DATA PROVIDED:
----
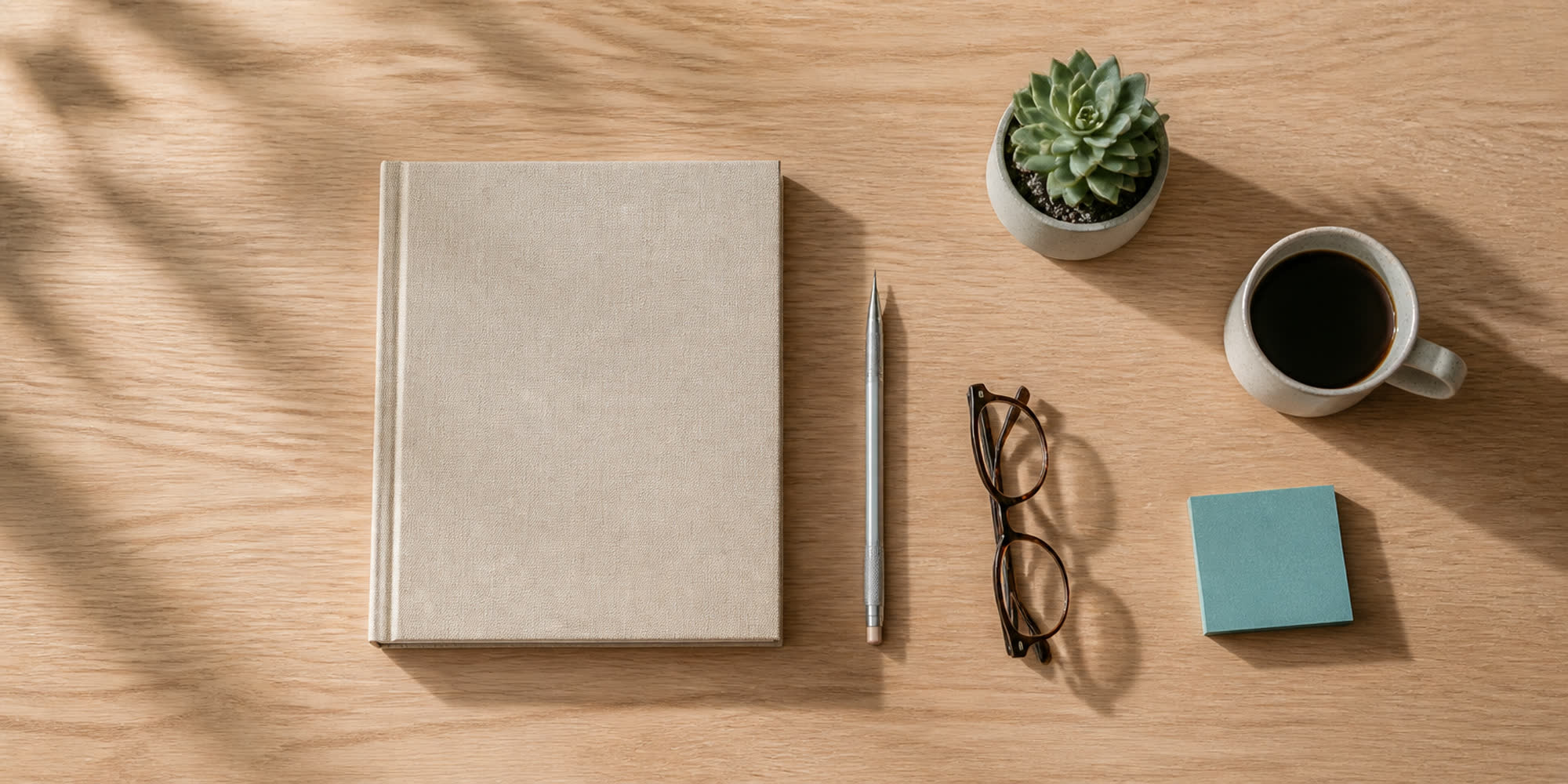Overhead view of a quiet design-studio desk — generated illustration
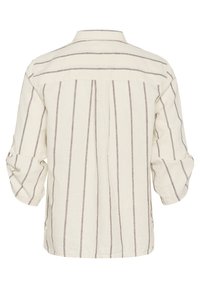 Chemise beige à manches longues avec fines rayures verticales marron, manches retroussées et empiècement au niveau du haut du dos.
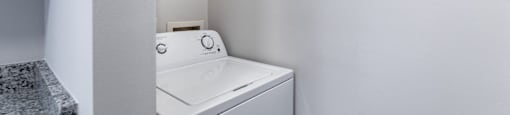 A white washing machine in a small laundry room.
----
WHAT TO PRODUCE: Omitting all pictures, set the listing down exactly.

ANSWER TO THIS EXERCISE:
Overhead view of a quiet design-studio desk — generated illustration
 Chemise beige à manches longues avec fines rayures verticales marron, manches retroussées et empiècement au niveau du haut du dos.
 A white washing machine in a small laundry room.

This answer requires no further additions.